* US-European transatlantic drift
U.S. President Donald Trump's Davos address was highly critical of Europe, but he said the US would not use force to take Greenland from fellow-NATO ally Denmark. In that sense, US-Europe tensions cooled slightly, and an agreement on Greenland appears to have been reached.
But the US-European alliance is at its lowest ebb in 80 years. In Davos, ECB President Christine Lagarde walked out of a dinner during a speech by U.S. Commerce Secretary Howard Lutnick and U.S. Treasury Secretary Scott Bessent called Denmark "irrelevant". As Canada's Mark Carney noted in reference to the world at large, "We are in the midst of a rupture."
* Trump Fed firing hopes in the balance
The likelihood of President Trump firing Fed Governor Lisa Cook seems to be diminishing, after U.S. Supreme Court justices on Wednesday signaled their skepticism that Cook should be dismissed while her legal challenge to mortgage fraud allegations play out.
This is one of two fronts that have opened up in what many say is a battle over the central bank's independence, the other being the Trump administration's indictment of Fed Chair Jerome Powell. Long-term interest rates and risk premia could fall if the courts rule against Trump.

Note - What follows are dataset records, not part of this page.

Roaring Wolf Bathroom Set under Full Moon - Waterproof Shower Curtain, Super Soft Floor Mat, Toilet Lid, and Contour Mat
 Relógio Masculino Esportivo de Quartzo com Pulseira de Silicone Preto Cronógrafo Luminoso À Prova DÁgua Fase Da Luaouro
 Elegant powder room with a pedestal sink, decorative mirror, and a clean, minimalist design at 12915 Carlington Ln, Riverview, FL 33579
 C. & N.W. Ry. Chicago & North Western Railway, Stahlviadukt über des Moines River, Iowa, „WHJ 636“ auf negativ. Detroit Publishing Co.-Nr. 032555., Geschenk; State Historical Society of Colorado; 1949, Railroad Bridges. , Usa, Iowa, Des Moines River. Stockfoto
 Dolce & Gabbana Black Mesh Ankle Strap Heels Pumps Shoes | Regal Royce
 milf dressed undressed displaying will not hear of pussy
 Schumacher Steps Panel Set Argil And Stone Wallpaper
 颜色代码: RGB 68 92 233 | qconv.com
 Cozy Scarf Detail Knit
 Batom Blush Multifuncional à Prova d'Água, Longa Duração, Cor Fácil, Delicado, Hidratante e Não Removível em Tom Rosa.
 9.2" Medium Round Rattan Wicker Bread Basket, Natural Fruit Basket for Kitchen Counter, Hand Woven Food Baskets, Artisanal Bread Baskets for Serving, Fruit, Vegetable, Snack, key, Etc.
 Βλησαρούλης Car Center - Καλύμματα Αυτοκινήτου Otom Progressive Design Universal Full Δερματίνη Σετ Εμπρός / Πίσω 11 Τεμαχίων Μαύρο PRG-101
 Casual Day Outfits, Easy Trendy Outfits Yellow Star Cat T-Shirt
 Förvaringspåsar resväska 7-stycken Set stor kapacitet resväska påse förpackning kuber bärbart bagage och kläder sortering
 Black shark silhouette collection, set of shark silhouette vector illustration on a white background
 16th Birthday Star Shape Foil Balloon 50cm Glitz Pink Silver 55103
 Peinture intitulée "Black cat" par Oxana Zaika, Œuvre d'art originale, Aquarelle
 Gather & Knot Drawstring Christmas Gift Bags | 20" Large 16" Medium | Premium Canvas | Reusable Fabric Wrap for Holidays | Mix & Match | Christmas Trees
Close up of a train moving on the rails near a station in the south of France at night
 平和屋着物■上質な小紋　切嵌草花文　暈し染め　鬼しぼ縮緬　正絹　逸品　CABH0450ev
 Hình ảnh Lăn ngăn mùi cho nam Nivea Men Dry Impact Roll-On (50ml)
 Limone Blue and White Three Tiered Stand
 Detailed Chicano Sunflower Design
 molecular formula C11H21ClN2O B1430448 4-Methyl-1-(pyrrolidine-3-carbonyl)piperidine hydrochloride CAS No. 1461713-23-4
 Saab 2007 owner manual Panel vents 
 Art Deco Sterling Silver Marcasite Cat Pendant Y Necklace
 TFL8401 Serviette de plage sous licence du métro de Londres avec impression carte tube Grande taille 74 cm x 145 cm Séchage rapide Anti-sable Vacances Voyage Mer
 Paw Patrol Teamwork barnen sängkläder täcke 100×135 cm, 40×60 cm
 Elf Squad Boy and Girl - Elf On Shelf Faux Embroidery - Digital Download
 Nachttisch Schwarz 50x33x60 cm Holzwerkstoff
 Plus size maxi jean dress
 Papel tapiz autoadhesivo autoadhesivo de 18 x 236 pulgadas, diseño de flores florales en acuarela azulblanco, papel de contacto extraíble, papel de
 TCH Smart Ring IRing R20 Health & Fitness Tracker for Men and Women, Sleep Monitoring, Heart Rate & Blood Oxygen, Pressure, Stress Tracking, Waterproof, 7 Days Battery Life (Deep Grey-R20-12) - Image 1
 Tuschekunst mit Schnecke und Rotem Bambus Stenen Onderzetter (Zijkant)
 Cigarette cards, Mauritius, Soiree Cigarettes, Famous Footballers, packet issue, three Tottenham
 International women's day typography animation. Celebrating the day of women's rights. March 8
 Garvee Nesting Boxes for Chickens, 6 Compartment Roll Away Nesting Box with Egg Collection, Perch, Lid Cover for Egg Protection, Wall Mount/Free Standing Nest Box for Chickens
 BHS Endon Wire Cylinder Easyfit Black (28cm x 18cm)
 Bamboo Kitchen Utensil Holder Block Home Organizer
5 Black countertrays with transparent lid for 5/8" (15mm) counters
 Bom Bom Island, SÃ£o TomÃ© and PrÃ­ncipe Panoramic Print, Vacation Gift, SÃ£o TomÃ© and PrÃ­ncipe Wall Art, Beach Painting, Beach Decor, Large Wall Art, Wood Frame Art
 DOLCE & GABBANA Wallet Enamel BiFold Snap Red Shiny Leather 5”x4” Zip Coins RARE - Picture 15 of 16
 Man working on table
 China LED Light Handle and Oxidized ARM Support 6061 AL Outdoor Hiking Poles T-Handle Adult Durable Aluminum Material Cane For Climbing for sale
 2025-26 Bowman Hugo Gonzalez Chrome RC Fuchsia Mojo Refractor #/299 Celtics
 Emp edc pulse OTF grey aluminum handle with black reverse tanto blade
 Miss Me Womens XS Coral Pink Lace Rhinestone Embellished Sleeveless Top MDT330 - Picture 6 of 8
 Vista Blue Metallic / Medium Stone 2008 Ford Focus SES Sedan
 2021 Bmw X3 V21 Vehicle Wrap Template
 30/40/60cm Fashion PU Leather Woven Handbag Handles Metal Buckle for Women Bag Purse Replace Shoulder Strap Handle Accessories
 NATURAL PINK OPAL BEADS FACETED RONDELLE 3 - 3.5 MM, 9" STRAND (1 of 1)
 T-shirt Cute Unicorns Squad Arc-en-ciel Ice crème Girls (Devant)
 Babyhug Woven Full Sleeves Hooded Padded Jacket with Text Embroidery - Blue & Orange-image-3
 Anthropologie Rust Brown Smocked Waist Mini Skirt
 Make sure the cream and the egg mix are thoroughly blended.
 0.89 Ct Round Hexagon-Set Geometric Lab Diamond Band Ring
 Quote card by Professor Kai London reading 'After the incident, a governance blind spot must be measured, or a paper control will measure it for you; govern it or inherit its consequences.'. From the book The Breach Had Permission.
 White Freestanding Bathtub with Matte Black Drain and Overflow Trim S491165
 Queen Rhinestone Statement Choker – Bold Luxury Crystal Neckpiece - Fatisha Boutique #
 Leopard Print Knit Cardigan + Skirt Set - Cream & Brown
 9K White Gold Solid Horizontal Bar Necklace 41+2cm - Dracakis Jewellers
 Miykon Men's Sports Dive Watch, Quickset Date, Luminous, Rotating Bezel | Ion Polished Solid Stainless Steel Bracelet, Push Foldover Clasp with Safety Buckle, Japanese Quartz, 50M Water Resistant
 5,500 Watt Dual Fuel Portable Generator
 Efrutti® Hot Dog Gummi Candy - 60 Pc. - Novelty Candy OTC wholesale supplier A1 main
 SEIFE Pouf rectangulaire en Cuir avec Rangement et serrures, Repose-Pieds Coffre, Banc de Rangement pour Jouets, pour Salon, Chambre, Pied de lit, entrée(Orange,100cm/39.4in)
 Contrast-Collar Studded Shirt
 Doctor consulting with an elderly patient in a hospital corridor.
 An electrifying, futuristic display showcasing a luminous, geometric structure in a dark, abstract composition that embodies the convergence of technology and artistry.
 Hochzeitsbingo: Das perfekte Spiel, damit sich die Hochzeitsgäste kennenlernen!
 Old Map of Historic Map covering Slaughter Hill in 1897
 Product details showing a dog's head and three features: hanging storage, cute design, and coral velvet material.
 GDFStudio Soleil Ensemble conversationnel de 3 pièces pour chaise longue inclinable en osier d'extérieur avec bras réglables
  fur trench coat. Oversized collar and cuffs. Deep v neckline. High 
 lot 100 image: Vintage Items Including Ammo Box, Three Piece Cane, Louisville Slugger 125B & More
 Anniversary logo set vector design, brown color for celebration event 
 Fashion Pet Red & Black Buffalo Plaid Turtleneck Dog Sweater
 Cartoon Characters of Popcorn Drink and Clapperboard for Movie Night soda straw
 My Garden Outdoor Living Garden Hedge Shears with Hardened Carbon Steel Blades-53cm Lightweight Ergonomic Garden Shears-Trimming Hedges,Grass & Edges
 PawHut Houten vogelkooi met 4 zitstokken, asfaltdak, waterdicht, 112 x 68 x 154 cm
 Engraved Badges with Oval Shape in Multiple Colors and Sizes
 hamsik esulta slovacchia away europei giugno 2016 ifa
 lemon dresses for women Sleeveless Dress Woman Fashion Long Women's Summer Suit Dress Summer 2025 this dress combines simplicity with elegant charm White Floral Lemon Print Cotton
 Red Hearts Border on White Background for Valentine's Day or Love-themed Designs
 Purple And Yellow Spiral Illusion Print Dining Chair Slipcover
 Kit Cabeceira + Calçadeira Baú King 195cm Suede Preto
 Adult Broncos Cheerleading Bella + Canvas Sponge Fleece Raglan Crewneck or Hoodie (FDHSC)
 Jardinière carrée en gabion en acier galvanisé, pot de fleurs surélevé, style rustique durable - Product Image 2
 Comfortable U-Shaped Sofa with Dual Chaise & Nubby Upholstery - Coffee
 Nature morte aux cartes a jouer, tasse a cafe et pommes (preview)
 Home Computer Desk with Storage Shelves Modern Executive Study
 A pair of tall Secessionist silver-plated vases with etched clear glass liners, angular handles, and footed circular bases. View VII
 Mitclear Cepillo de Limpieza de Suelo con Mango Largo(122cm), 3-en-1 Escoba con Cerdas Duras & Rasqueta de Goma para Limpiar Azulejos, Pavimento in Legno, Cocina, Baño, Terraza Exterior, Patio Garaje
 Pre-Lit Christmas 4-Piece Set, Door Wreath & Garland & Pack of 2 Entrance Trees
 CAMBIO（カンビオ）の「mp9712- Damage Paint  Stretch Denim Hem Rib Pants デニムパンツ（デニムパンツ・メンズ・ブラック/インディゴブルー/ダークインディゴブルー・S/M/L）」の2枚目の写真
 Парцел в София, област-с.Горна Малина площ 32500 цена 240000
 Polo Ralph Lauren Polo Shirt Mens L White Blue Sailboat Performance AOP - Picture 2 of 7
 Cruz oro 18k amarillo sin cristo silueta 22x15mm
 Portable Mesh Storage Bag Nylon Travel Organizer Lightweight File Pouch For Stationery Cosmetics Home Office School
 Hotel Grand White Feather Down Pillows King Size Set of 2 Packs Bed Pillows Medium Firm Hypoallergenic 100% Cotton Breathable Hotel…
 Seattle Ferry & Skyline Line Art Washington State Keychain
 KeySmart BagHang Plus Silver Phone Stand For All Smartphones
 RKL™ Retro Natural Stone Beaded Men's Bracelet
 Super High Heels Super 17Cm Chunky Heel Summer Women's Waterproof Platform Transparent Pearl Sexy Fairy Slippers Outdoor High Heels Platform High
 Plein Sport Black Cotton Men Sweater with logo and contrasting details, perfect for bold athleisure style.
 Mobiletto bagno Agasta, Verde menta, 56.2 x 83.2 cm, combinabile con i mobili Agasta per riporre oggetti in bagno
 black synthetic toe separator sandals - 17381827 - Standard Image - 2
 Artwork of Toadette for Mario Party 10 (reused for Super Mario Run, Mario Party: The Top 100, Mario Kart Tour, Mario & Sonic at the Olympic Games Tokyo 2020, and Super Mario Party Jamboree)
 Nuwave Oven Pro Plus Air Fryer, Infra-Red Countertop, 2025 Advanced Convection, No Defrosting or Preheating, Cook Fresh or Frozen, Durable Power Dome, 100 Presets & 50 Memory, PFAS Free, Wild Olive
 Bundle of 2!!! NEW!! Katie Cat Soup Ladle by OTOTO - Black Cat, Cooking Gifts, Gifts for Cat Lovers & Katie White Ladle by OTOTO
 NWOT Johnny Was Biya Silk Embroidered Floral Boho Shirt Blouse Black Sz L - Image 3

* Wall St tries to rein in Trump
It's not just European leaders, NATO officials and Mark Carney expressing varying degrees of exasperation with President Trump in Davos. Wall Street executives are too.
JP Morgan Chase CEO Jamie Dimon said Trump's proposal to cap credit card interest rates would be an "economic disaster". Other executives are also skeptical of Trump's interventionist measures aimed at tackling the affordability crisis, and are in talks with the White House to try and soften the rough edges.